“I can’t imagine giving up gluten” – Facebook comment
It’s more than a week into my trial separation from gluten. Rather than immediately stocking up on gluten-free substitutes, I doubled if not tripled my consumption of fruit and vegetables. My head is clearer, I feel lighter, I sleep better and, unexpectedly, my waistline is trimmer. While I’m marveling at the nearly immediate results of this dietary shift, I’m also left with a lingering and somewhat sobering question.
Why didn’t I give up gluten sooner? Or, what stood between me and better health?

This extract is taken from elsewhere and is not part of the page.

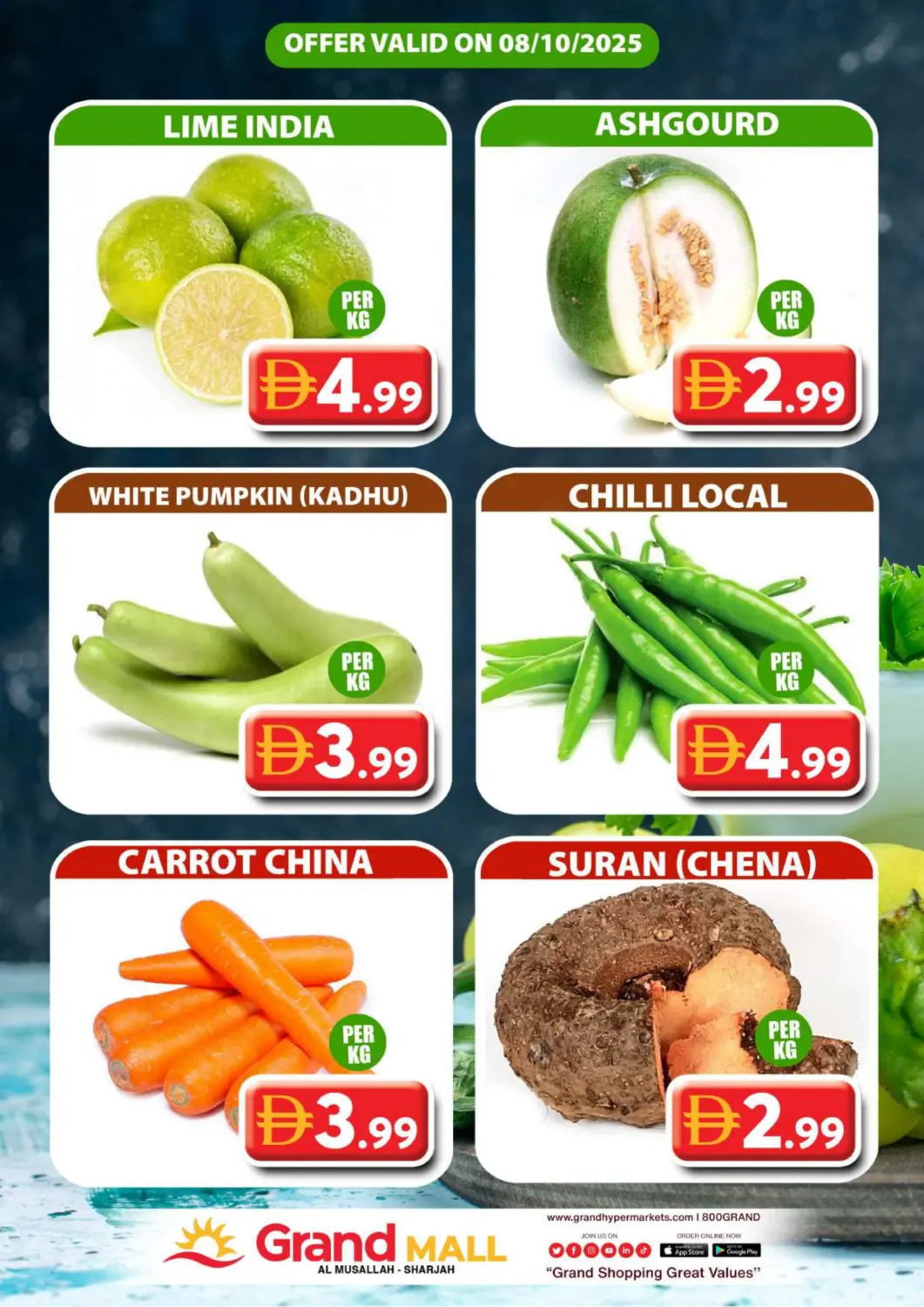 عروض جراند هايبر ماركت الإمارات العربية المتحدة , الامارات - الشارقة / عجمان في دي٤دي أونلاين. المصلى، الشارقة. . فقط في ٨ أكتوبر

In Feldenkrais terms, the “self-image” that dominated if not dictated my experience for years was more heavily invested in its own survival than in my well-being. That self-image or identity, which in this case I’d also call ego (although the two are not always equivalent), believed that giving up gluten was a kind of punishment or simply one more way in which I wouldn’t fit into a culture that is practically constructed of gluten molecules. Furthermore, I was so averse to both bidding adieu to croissants and to participating in what I considered (celiacs aside) a food fad, that I wasn’t open to considering eliminating gluten even on a trial, non-committal basis. Not so long ago, I also would have said, “I can’t imagine giving up gluten,” like the commenter on Facebook. Forgoing gluten would have seemed impossible.
But, I have given it up.
Since I feel so much better, I have no desire to restore it to my diet. Clearly the “I” of today is not the same as the “I” of just a few years ago, even though, aside from a few extra gray hairs, and that slightly trimmer midriff, I look essentially the same. The former “I”, looking to food for comfort and also a bit of a traditionalist, didn’t want to sever ties to repasts of the past and felt threatened by that possibility, as if it were a kind of death. And that former “I” was unwilling to consider that her diet, though quite healthy by most standards, could still be more nourishing.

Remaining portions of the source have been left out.